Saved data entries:
━━━━

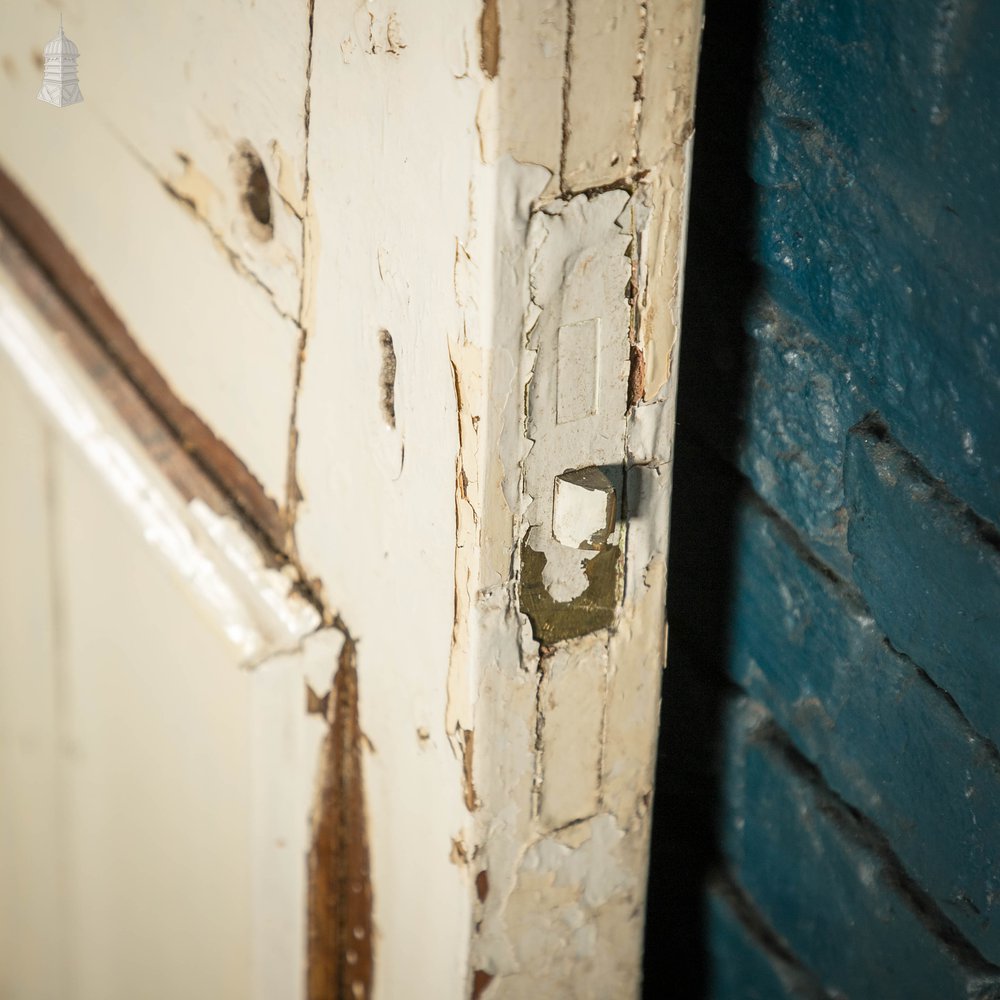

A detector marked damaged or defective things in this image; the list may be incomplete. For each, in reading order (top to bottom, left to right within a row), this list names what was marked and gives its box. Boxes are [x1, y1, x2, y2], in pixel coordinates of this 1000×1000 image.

rust stain on wood [0, 165, 290, 556]
rust stain on wood [306, 632, 374, 1000]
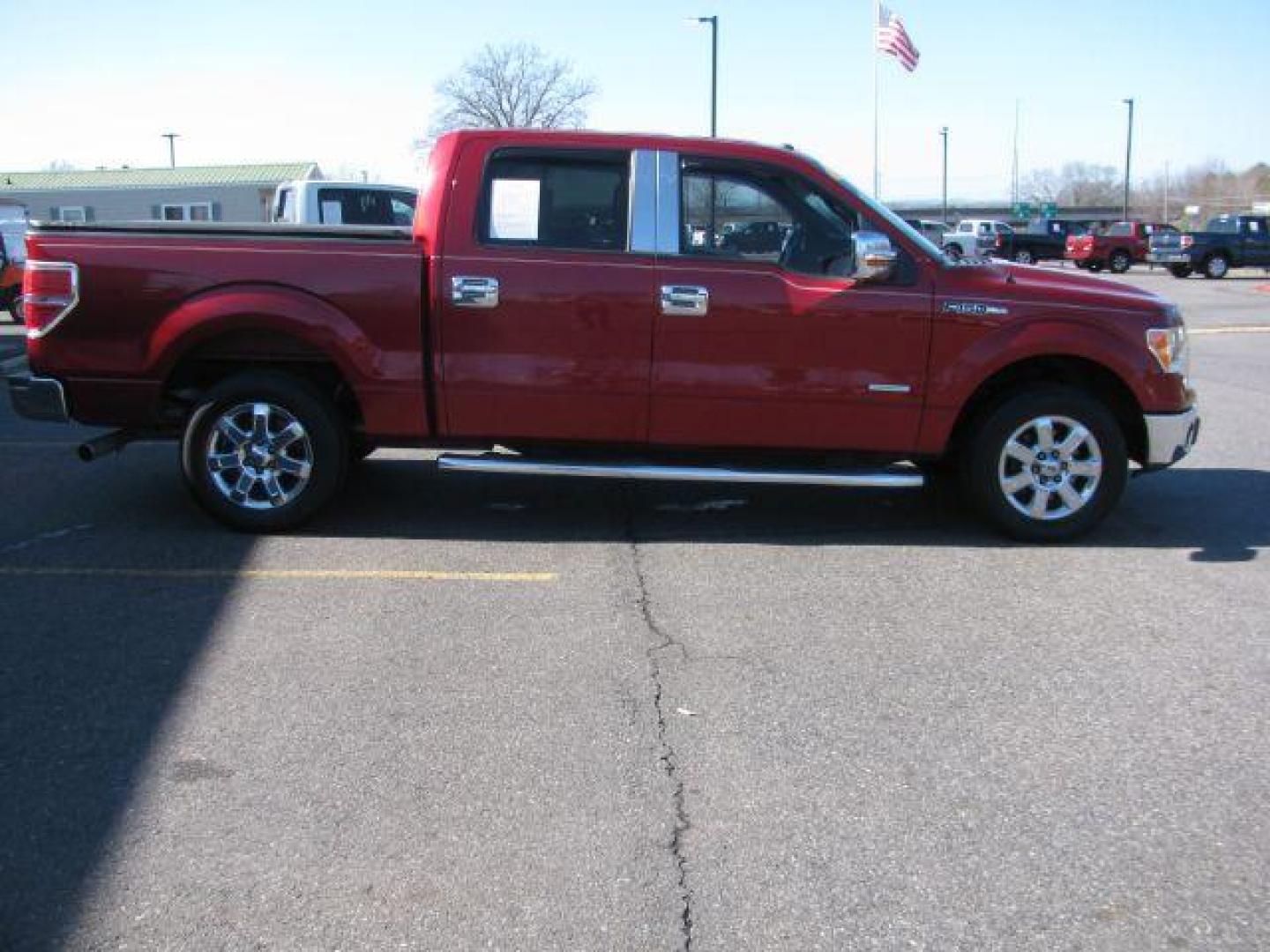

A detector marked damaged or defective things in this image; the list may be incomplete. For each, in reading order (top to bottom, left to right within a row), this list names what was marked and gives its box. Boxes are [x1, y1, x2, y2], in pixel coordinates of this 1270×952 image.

crack in pavement [624, 502, 696, 949]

━━━━

What the task requires:
Verbatim output of every entry above is required, though pictures are to be left out.

Task response:
A detector marked damaged or defective things in this image; the list may be incomplete. For each, in reading order (top to bottom, left to right within a row), this list names what was marked and gives its box. Boxes are [x1, y1, x2, y2], in pixel coordinates of this 1000×1000 image.

rust stain on wood [0, 165, 290, 556]
rust stain on wood [306, 632, 374, 1000]

A detector marked damaged or defective things in this image; the list may be incomplete. For each, in reading order (top to bottom, left to right within a row), this list names what was marked and gives its box. Boxes are [x1, y1, x2, y2], in pixel coordinates of this 1270×952 image.

crack in pavement [624, 502, 696, 949]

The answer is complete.